In Book Three, the Nolans settle into their new home and the children (now seven and six) begin to attend the squalid, overcrowded public school next door. Francie enjoys learning even in these dismal surroundings, and with her father's support, she gets herself transferred to a better school in a different neighborhood. Johnny's attempts to improve the children's minds fail, but Katie helps Francie grow as a person and saves her life by shooting a child-rapist/murderer who tries to attack her daughter shortly before she turns 14. When Johnny learns that Katie is pregnant once again, he falls into a depression that leads to his death from alcoholism-induced pneumonia on Christmas Day 1915. Money from the family's life insurance policies and the children's after-school jobs keeps the Nolans afloat in 1916 until the new baby, Annie Laurie (named after a favorite song of Johnny's), is born in May and Francie graduates from grade school in June. Graduation allows her to finally come to terms with the reality of her father’s death.

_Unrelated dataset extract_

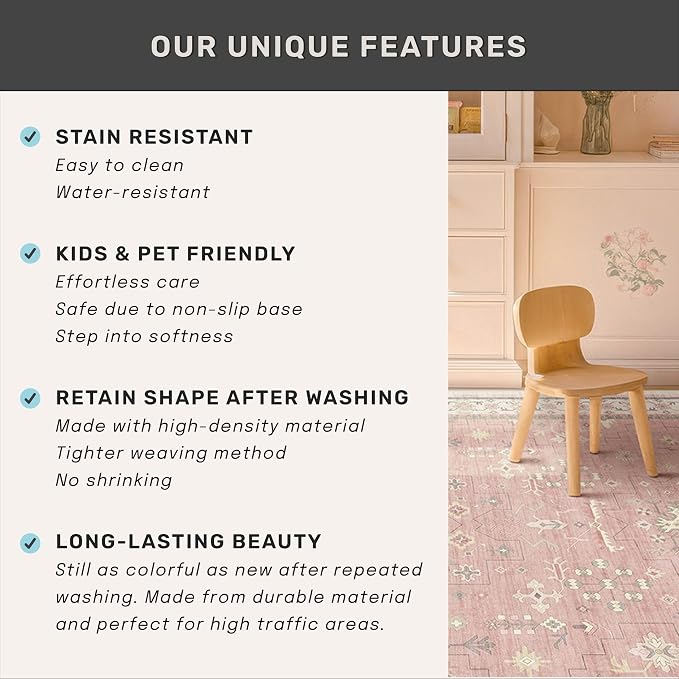 Washable 8x10 Blush Pink Rug for Bedroom Girls Dorm, Floral Retro Living Room - Image 7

At the start of Book Four, Francie and Neeley take jobs since there is no money to send them to high school. Francie works first in an artificial-flower factory, then in a press clipping office. Although she wants to use her salary to start high school in the fall, Katie decides to send Neeley instead, reasoning that he will only continue learning if he is forced into it while Francie will find a way to do it on her own. Once the United States enters World War I in 1917, the clipping office rapidly declines and closes, leaving Francie out of a job. After she finds work as a teletype operator, she makes a new plan for her education, choosing to skip high school and take summer college-level courses. She passes with the help of Ben Blake, a friendly and determined high school student, but fails the college's entrance exams. A brief encounter with Lee Rhynor, a soldier about to ship out to France, leads to heartbreak after he pretends to be in love with Francie when he is in fact about to get married. In 1918, Katie accepts a marriage proposal from Michael McShane, a pipe-smoking retired police officer who has long admired Katie, and has meanwhile become a wealthy businessman and politician.

As Book Five begins in the fall of this same year, Francie, now almost 17, quits her teletype job. She is about to start classes at the University of Michigan, having passed the entrance exams with Ben's help, and is considering the possibility of a future relationship with him. The Nolans prepare for Katie's wedding and the move from their Brooklyn apartment to McShane's home, and Francie pays one last visit to some of her favorite childhood places and reflects on all the people who have come and gone in her life. She is struck by how much of Johnny's character lives on in Neeley, who has become a talented jazz/ragtime piano player. Before she leaves the apartment, she notices the Tree of Heaven that has grown and re-sprouted in the building's yard despite all efforts to destroy it, seeing in it a metaphor for her family's ability to overcome adversity and thrive. In the habits of a neighborhood girl, Florrie, she sees a version of her young self, sitting on the fire escape with a book and watching the young ladies of the neighborhood prepare for their dates. Francie says, "Hello, Francie" to Florrie, and then, "Goodbye, Francie" softly, as she closes the window.